The mining companies began to consolidate in the late 1930s, and the production in the mines and the population bounced back to $700,000 a year from 1934 through 1959 and the population grew to 1,337 residents for the 1940 Census. The demand for copper, lead and zinc during World War II spurred mining in the area, led by the Idarado Mining Co., a subsidiary of Newmont Mining Corp. Idarado had acquired most of the mines in the area by 1953 but gradually closed them, leaving open just the Pandora mine and mill east of town. It shut down the Pandora operation in 1978.

In 1961, nearly the entire town was designated a National Historic Landmark District because of its historic role as a frontier town and precious metals mining district and its “19th century western mining ‘boom town'” architecture.

Telluride’s next boom was driven by the snow, or “white gold,” that had long been the curse of miners. Joe Zoline, a lawyer and investor who lived in California and owned a ranch in Aspen, saw the potential for an elite ski resort in the mountains just south of Telluride and hired Emile Allais, a French Olympic skier, to help configure runs and lifts.

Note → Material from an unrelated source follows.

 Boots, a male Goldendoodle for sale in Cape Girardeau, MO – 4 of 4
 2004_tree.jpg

The Telluride Ski Area opened in 1972 with five lifts and a day lodge at an altitude of 9,500 feet in Prospect Basin immediately south of Telluride. In 1975, Zoline opened the Coonskin Lift to connect Telluride directly to the ski area, a 1,845-foot vertical rise.

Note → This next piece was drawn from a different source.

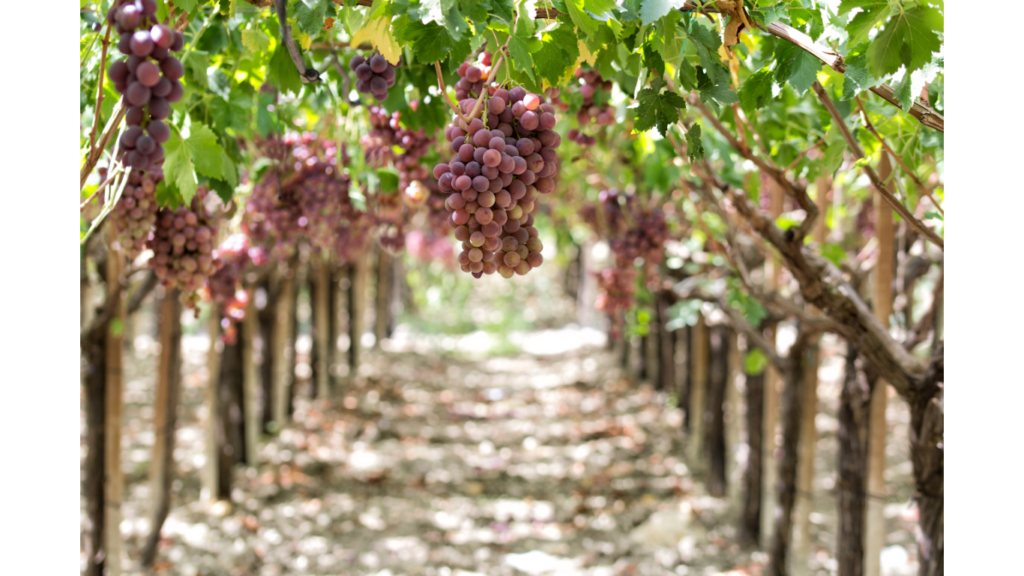 Vineyards in Sicily | Wineries in Sicily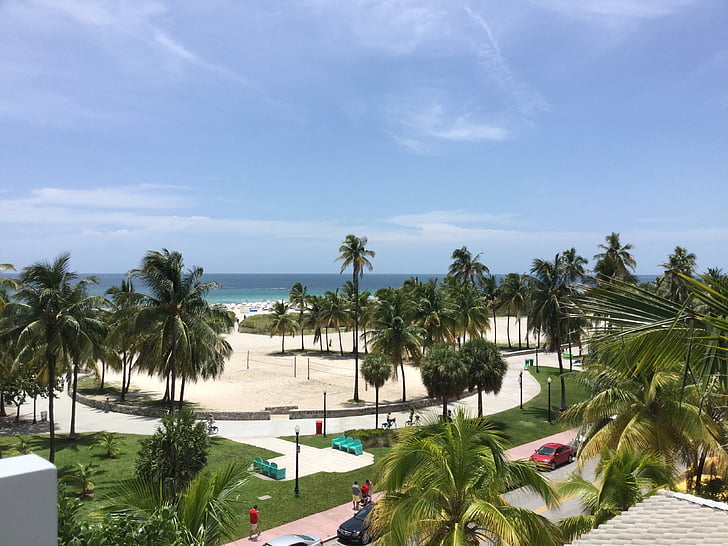 Miami, pludmale, palmas, palmas, kūrorts, jūra, okeāns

Zoline and a Swiss partner sold the ski area in 1978 to Colorado investors led by real estate developer Ron Allred. Allred sold a majority interest in 2001 to Hideo Morita, whose father had founded Sony, and Morita in 2003 sold a majority interest in the Telluride Ski Resort to investor Chuck Horning of Newport Beach, Calif.

The Telluride area also developed summer festivals for film, arts, bluegrass, jazz, blues, chamber music, mushrooms and technology and blues to draw upper-income visitors.

The Telluride Regional Airport was added in 1990 on a plateau five miles west of the town and 1,000 feet above the valley floor. The airport sits at an altitude of 9,078 feet, which makes it the highest commercial airport in North America.